Use case: Cache applications

This section would definitely be shorter if we listed examples of systems that do not use cache! Cache is ubiquitous, at all levels, from processors to the highest-level applica­tions you can imagine.

Low-level, hardware caches work slightly differently, though, so we’d better stick to software caches.

As mentioned, many single- and multi-thread applications employ ad hoc in-memory caches to avoid repeating expensive computations.

These caches are usually objects (in OO languages), provided by libraries, and allocate dynamic memory in the heap of the same application that uses them. In the case of multi-thread applications, the cache might run in its own thread and be shared among several threads (as we saw in the previous section, this configuration requires special attention to prevent race conditions).

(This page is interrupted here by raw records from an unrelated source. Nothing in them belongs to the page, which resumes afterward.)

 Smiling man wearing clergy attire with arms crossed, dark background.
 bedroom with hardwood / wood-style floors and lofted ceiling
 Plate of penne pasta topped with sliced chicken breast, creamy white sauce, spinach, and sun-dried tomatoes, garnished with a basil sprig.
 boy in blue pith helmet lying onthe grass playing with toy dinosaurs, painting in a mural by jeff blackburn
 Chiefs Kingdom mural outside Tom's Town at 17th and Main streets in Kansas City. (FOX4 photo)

The next step is bringing the cache out of one application, into its own process, and communicating with it through a certain protocol; this can be HTTP, Thrift, or even RPC.

A typical case is the several layers of cache in a web application:

  • A CDN to cache and deliver static content (and some dynamic content)
  • A web cache that caches content from the web server (usually entire pages and might be the CDN itself)
  • An application cache storing the result of expensive server computations
  • A DB cache storing the most-used rows, tables, or pages from a database

Finally, for large applications with thousands of requests per second (or more), caches need to be scaled together with the rest of the web stack. This means that a single pro­cess might not be enough to hold all the entries that the application needs to cache in order to run smoothly. For instance, if we have a million accesses per second to a data­base, a cache in front of it that can only store a million elements is probably close to useless, because there would be too high a turnaround, and all requests would basi­cally go ahead to the DB, crashing it to a halt in a few minutes.

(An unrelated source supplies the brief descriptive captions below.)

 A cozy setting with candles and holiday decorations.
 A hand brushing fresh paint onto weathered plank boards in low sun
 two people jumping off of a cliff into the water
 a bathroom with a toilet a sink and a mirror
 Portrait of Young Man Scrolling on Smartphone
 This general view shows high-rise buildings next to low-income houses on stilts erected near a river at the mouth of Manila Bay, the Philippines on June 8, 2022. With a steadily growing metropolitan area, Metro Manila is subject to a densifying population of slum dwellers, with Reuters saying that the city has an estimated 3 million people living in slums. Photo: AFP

For this reason, distributed caches have been introduced. These caches, such as Cassandra, use several processes called nodes, each one of them being a standalone cache, plus another process (sometimes a special node), called the orchestrator, that is in charge of routing requests to the right node. Distributed caches use a special hashing function, consistent hashing (see figure 7.14), to decide which node should store an entry.

Web clients also make extensive use of caching: browsers have their own caches (although those work slightly differently, storing content on your disk), but they also have a DNS cache to store the IP addresses corresponding to the domains you browse. Lately, more caching has been added with local and session storage, and perhaps the most promising of all, service worker caching.